Dimmette, Lifting Lives helping the ‘unseen’
Published 9:53 am Monday, May 16, 2016
Joel Dimmette is trying to help people who are invisible to the world — homeless families.
“You won’t see them, they’re not picked up in the point in time count, we understand that,” the executive director of Lifting Lives said.
“When we started investigating the problem, we realized how bad it was,” he said. “Before then, we had no idea. I didn’t even know what family homelessness was, I thought surely it could not exist, and once we saw it and began interacting with families, you really couldn’t turn away.
“This seems to be our calling. This seems to be some very tough work, but that’s how we began. We started a non-profit in 2012, and all of our approval because it was bigger than what our church could do.”
Lifting Lives Ministries tries to help homeless families by providing temporary shelter and counseling to get back on their feet. It began as an outreach ministry at the Bypass Church of Christ on U.S. 61 North, when Dimmette, Dr. Willie Nettle and Nellie Caldwell decided they wanted to do more for Christ by serving the community.
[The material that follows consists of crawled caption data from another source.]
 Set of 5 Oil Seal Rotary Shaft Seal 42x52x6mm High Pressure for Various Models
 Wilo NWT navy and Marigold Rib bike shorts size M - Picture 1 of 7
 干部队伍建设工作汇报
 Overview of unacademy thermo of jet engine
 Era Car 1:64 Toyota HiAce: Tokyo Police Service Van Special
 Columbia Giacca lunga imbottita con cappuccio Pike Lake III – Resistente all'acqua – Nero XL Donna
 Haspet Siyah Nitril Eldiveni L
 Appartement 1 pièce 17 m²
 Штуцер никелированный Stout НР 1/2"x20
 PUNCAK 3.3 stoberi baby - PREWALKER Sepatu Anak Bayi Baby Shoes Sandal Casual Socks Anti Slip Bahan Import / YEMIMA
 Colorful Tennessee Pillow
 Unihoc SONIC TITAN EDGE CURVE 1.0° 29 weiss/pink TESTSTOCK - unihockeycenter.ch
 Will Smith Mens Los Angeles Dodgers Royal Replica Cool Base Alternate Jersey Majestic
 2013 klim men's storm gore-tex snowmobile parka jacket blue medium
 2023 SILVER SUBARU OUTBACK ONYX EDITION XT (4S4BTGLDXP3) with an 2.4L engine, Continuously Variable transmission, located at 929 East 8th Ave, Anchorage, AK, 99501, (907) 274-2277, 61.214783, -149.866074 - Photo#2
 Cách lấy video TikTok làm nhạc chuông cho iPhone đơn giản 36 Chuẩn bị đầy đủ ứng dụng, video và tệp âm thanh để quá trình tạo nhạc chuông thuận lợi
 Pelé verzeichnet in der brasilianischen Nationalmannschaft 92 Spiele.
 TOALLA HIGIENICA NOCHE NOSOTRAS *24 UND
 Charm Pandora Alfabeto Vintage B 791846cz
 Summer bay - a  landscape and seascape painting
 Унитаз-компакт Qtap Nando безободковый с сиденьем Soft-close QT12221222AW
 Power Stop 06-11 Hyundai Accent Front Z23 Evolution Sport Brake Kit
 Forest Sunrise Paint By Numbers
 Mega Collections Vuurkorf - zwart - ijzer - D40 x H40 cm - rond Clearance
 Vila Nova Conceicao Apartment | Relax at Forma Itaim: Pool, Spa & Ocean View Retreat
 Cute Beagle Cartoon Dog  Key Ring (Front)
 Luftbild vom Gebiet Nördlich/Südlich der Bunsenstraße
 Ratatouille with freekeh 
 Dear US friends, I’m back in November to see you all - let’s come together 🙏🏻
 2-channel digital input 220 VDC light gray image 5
“We talked with United Way to see what the community really needs, and we started working with Mountain of Faith Women’s Restoration Shelter, River City Mission, and what we came to realize is a huge need to work with homeless families,” he said. “The shelters were always getting calls, there was really no place for homeless families to go, certainly, and they would be broken up.
“They were scared, they were cold, and when you said, ‘we don’t have a place,’ they would disappear.”
After “much prayer and conversation” the trio realized there was a problem in Vicksburg that needed to be addressed.
Presently, Lifting Lives is renovating the old Hillcrest Motel on U.S. 80 for a shelter for homeless families, which is expected to be completed by the end of May. Now, when homeless families contact Lifting Lives, the organization tries to find hotel rooms for them for the night.
“We work with some hotels to get rooms at a discount,” Dimmette said, “but it is expensive.”
He said they also try to work with other shelters and agencies to pool funds together for a temporary fix for a couple of days until they can help the family get with another family member in town or another city.
“There have been times we we’ll let them stay at the family life center at church,” he said. “We have a disaster relief facility, and we’ve allowed some families to stay there for a period of time, we do what we can and every family’s a little different.”
To help meet expenses, Lifting Lives opened the Warehouse, a thrift store in 2014, to supplement donations. The store, Dimmette said, “probably provides 90 percent or more of or annual funding. Requires additional fund pray community will step up. We’ve got a core group that’s done so much, but we need the so many other people to get involved and help us with this.”
Besides working with lifting lives, Dimmette is an ordained minister who preaches at Bypass Church of Christ.
“I was agnostic; I really struggled with faith,” he said. “I converted to Christianity Sept. 23, 2004. I wanted to know more, so I started going to Bible college, seminary, and never looked back. I got my bachelor’s degree in Biblical studies. I’m a thesis way from finishing my master’s but this work (the shelter) sidetracked that.”
He said the decision to help was inspired by the Gospel of Matthew, “And in Chapter 25, just serving others and how we respect humanity, that is another way we as Christians can serve loving our neighbor and being kind.
“We can’t solve all the world’s problems, but we can love everyone, and we can look for those who are often invisible or outcast and serve them in the way Christ has served us. That’s what prompted the outreach ministry.
“Homeless families are among the invisible,” Dimmette said. “We spent the first year of our existence just trying to prove to people who were interested in helping us that homeless families do exist right here. But the very fact there’s no place for them to go, even when they do call, and what’s sad is, these families don’t want to be on the street. They want to be independent. They’re not looking for a hand-out, they’re looking for a hand up.
“One thing we have learned, is there are some fundamental differences between homeless families and what you normally think about with single people who are homeless,” he said.
“Normally, homeless families are not homeless for very long. The vast majority of homeless families have become homeless because they had bad financial management or because they had crisis because a child got sick and they had a doctor bill, the power bill was too much and they had to choose between food and power, or because of a disaster like a fire or a flood.
“Basically, when you start living paycheck to paycheck, you can get behind through crisis or bad money management, and then you’re out in the street, and that starts affecting jobs and other things.
“They’re not lazy and they just need a little break from the storm, so it’s a wonderful opportunity to serve them in a physical way, but it also gives us an opportunity in a Christian ministry to ask them what God is really doing in their lives and think about their decision and the good choices and bad choices they made and the changes they have to make in the future.”
The shelter, he said, will provide food and counseling, assessments to find out what’s going on with the lives of the parents and make sure the children go to school. It will also offer job placement assistance and help with financial management.
“I have been asked several times if I believe this is a calling,” he said. “I’m a very conservative person. I’d say this is a calling, that’s why me and my family are so dedicated to it. It hasn’t gone as well as we planned, but we’ve gone hard at it. People often ask if it’s worth getting involved. I believe in leading by example.”